Court rules firms need staff consent to see e-mail

San Francisco’s 9th U.S. Circuit Court of Appeals ruled yesterday that employers who use a third-party to transmit e-mails and text messages can’t access them without an employee’s consent, a judicial move that raises a lot of questions, according to Canadian privacy and employment lawyers.

The case sprang from a lawsuit brought by the Ontario, Calif. police sergeant Jeff Quon and three other officers after wireless provider Arch Wireless turned over to the police department transcripts of Quon’s texts to them. They were used by police execs to determine whether the department-issued pagers were being used outside of work business.

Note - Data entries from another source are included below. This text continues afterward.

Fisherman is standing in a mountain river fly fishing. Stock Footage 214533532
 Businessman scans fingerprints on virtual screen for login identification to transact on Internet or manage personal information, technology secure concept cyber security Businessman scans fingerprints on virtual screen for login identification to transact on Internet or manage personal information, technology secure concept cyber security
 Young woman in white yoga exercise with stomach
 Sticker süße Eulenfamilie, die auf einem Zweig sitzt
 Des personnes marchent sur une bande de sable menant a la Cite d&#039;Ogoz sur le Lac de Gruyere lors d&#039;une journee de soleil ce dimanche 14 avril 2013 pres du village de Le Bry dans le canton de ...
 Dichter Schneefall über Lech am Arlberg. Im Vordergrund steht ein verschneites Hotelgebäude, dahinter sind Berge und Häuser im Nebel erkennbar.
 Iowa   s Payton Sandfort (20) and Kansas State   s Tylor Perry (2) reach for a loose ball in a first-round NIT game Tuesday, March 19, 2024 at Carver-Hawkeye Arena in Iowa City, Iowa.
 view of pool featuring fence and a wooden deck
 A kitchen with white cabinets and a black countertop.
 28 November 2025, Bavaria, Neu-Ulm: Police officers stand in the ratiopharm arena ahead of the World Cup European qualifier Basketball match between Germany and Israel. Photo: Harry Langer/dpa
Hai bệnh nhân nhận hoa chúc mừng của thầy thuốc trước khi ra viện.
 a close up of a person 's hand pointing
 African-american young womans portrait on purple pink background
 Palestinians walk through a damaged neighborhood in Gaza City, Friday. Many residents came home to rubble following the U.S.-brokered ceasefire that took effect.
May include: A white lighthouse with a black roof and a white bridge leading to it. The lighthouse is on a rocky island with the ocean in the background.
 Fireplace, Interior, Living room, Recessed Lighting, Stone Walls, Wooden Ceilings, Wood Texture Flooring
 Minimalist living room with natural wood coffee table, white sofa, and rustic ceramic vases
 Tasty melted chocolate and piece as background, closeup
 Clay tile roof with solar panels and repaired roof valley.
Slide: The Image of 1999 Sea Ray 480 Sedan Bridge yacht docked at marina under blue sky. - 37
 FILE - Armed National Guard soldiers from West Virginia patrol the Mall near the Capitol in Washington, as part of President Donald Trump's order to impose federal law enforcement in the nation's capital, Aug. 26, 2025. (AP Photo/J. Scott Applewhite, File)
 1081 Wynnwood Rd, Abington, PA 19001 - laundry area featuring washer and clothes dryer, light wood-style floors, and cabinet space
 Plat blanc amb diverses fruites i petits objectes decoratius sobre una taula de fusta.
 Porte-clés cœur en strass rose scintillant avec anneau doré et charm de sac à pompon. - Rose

“A lot of case law from the States will be influential in Canada, and doubly so when it comes to technology,” said David Fraser, a privacy lawyer with the Halifax firm of McInnes Cooper. “People previously thought that service providers owed all their duties to the business, but if they have information about individuals…”

Usually, information transmitted through corporate e-mail or phones is thought to belong to the company. “But,” said Fraser, “with the service providers and the individuals, we add a third relationship that might give employees more privacy rights than they previously had.”

The States, however, continue to take a hard-line stance and side with the manager, leading Ottawa-based privacy lawyer Kris Klein to surmise that Quon’s defense was an “artificial distinction factor” to get around the prevailing jurisprudence landscape. “And the result is maybe recognizing that people do have an expectation of privacy,” he said.

Klein feels that, as judges become more aware of the pervasiveness of e-mail, these gray areas could turn even grayer as privacy expectations increase along with the ubiquitousness of e-mail and casual e-communication in the workplace.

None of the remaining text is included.